Unsurprisingly, North America is overrepresented and Africa and Antarctica are underrepresented. That's not necessarily a bad thing. Africa and Antarctica will probably over-index towards professionals and the very wealthy. I'm neither of those.

**What about species diversity?** It's not *that* important, but I'm curious how well this dataset represents bird diversity. It's much easier to get a 5-star photo of a duck than a warbler. We don't want to enrich for slow, fearless birds.

In [107]:
# Calculate species counts
species_counts = top_records_df['common_name'].value_counts().reset_index()
species_counts.columns = ['common_name', 'count']

# Create a selection for the count filter
count_filter = alt.binding_range(min=1, max=int(species_counts['count'].max()), step=1, name='Minimum Count: ')
count_selector = alt.param(name='CountThreshold', value=5, bind=count_filter)

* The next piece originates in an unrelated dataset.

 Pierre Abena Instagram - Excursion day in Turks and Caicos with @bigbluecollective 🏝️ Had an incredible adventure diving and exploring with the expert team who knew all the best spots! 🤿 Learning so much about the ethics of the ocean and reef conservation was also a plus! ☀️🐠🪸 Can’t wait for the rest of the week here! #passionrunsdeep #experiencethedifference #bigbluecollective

# Create the chart with the filter
alt.Chart(species_counts).transform_filter(
    alt.datum.count >= count_selector
).mark_bar().encode(
    x=alt.X("common_name:N", title="Scientific Name", sort='-y'),
    y=alt.Y('count:Q', title='Number of Observations'),
    tooltip=[
        alt.Tooltip('common_name:N', title='Species'),
        alt.Tooltip('count:Q', title='Observations')
    ]
).properties(
    title="Representation of Bird Species in the Dataset",
    width=1000,
    height=500
).add_params(count_selector)

It's basically the usual suspects: owls, hummingbirds, shorebirds, and various other photogenic birds. I don't think it makes much sense to filter these out. They represent exactly the birds I'd love to have a great photo of!

**Finally, how well is each year represented?** I don't want to bias for only the newest equipment.

In [110]:
# Transform year into a string
top_records_df['year'] = top_records_df['year'].astype(str)

alt.Chart(top_records_df).mark_bar().encode(
    x='year',
    y='count()',
    color='location'
).properties(
    title='Number of top-rated photos per year',
    width=250,
    height=250
).configure_axis(
    labelFontSize=12,
    titleFontSize=14
).configure_title(
    fontSize=16
)

Earlier years are less represented, but that's not so unexpected. In total, we've got ~3,000 top rated photographs. The next step is to get the equipment metadata associated with each photo. This might be tricky, and will require scraping the web.

In [111]:
os.mkdir('../data/processed')
top_records_df.to_csv('../results/top_records.csv', index=False)